This book was a slog, and only began to flow with the arrival of Caligula past the book's halfway mark. Nero seemed to be Holland's favorite Caesar. So began our book club review of Dynasty.
The book chronicles, in detail that seemed difficult to believe in many passages, the lives of Rome's great line of Caesars, from Julius Caesar to the august Augustus Caesar, Tiberius, Caligula, Claudius, and Nero. The writing was dense, characterized early on by sesquipedalian (long winded, characterized by long words) prose. And yet it was another book most of us were glad to have read.
The early part of the book chronicled extensively the intrigues of family and political maneuvering of Rome, from the wolf's enduring influence beginning with Romulus and Remus, past the brutality of Tarquinius the Proud, the politics of the First Triumvirate, and into the second Triumvirate. The second Triumvirate included Marc Antony, Julius Caesar, and Marcus Lepidus, and most of us know how Marc Antony's trysts with Cleopatra worked out (not well for him), better for Julius Caesar. Until the Ides of March.
With that background set, much of the early book was duly dedicated to the ascension of 'the young Caesar", Octavius. When Octavius decided he wanted Nero's wife, Livia, whom we had met in an earlier chapter, we had an early sense of how raw power worked in Rome. At least the young Caesar waited for Livia's child to be born before marrying her.
This was the Caesar who would take the name Imperator, Princeps, Pontifex Maximus, and ultimately “Augustus Caesar”. His early brutality to his enemies and skillful consolidation of power with the Senate’s guarded blessing, was masterful. Jeff reported that he is considered the richest man in the world, ever, having been assigned a current-day wealth of some $3-4 trillion. He owned Egypt, after all. Under his leadership, he expanded Roman control to Hispania, Germania, and Egypt, and the wealth transferred from those vanquished places, plus the continued taxes extracted annually, permitted lavish spending on his family, and of course, on Rome. He was by most accounts, the greatest of all the Caesars, and no doubt the most enduring.
His moderated way had limits, however, as the exile of his daughter Julia to Pandateria demonstrated as well as Ovid’s exile to Tomis.
In reflection of the building during Augustus' reign, we discussed the infrastructure, and particularly the vulnerability to famine Rome often faced, due to vast sourcing of grain, imported primarily from Africa. Today Italy is a leader in farm-to-table food sourcing and culinary arts, but Rome was not so well developed, the Appian Way notwithstanding.
We also marveled at Roman engineering, particularly aqueducts, wishing that the book had explored Roman engineering further. Pompeii, the novel by Richard Harris is one such source offered by Geoff.

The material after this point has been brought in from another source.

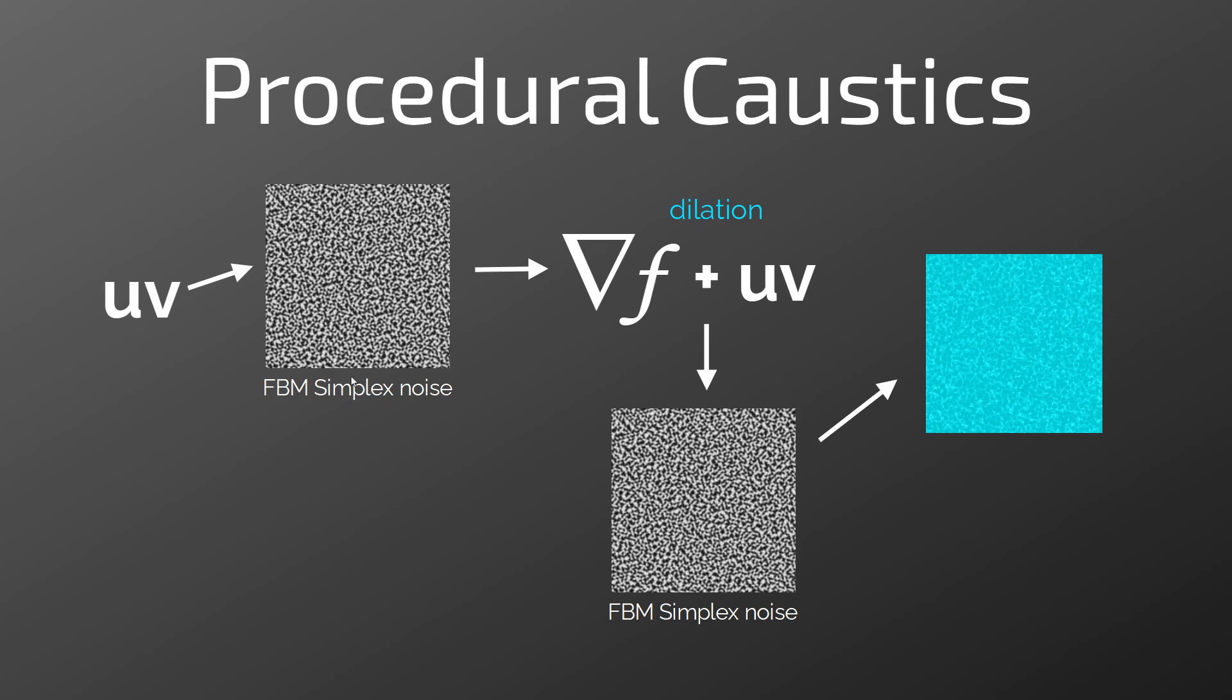This is how it works. We pass the UV coordinates to the FBM simplex noise function. You can easily find the GLSL code. Then we apply the gradient function to this noise and add the UV coordinates again.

In a similar vein, and based on Ovid's observation that no art nor peace can exist without the art of war, we all would have liked to have known more about the Roman war machine. We did learn the soldiers could not marry, but did have license to kill, unlike Roman citizens. And learned a little about discipline: order a soldier to go, he goes. Order a soldier to come, he comes. Until discipline breaks down and centurions or other leaders are horribly killed by their troops. But the discussion of the military was relatively superficial.

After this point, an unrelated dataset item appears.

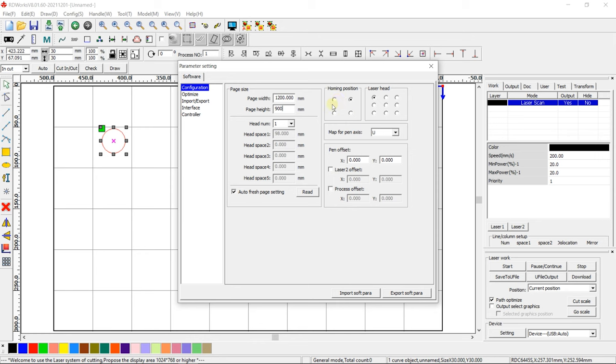In Homing Position, set the position of your end sensor in the Y axis. The Laser Head field indicates from which part of the drawing processing of your file will begin.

We made comparisons between then and today, and talked about the predisposition to make judgments about mores of the past throughout own contemporary lenses. Geoff offered that his long reading of history kept him from making judgments while simultaneously describing many Roman practices as brutal, depraved, or odd. Such are our prejudices, based on our unique personal experiences. Rick offered that his extensive travel has helped him appreciate different ways of behaving or thinking for what they are: different, and we all agreed. That understood, the sexual activities of Caligula and Nero in particular, were hard to accept as anything but weird.
Comets, monsters, and myths presented as reality were also part of life in early Rome.

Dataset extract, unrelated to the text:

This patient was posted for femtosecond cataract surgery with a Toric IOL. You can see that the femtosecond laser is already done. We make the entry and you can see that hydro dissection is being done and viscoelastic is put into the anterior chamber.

The women, Livia and Agrippina in particular were noteworthy in their influence, particularly given the male dominated society on so many other ways. We wondered how effective ordinary women were; not just the wives of Caesars. This thought line brought up another sense, that the book could have been more readable if it had developed even slightly topics beyond the Caesars and the people directly within their sphere. Again, Richard Harris’ novels, including Imperium and Lustrum do that job suitably.
Otherwise the treachery among people of power was noteworthy: At its extreme, consider Nero, who killed his brother Britannica, took his confidant, Otho's wife, then killed his own mother Agrippina, then kills his wife Octavia to marry Poppaea Sabina, whom he kills “accidentally” by kicking her in the stomach while pregnant.
Overall, the book read as an academic tome, and we all agreed that while it was interesting and full of facts, it felt like a professor’s imposition, and could have been better presented. Online reviews, however, disagree with our take, and almost exclusively praised it.
Next Book: Our next book is Five Easy Theses by Jim Stone, a Boston insurance executive and respected economist. This should make for good discussion of our country’s direction when we meet next on the third Tuesday in October, October 18 at 7:00 PM at Bonnie Lea.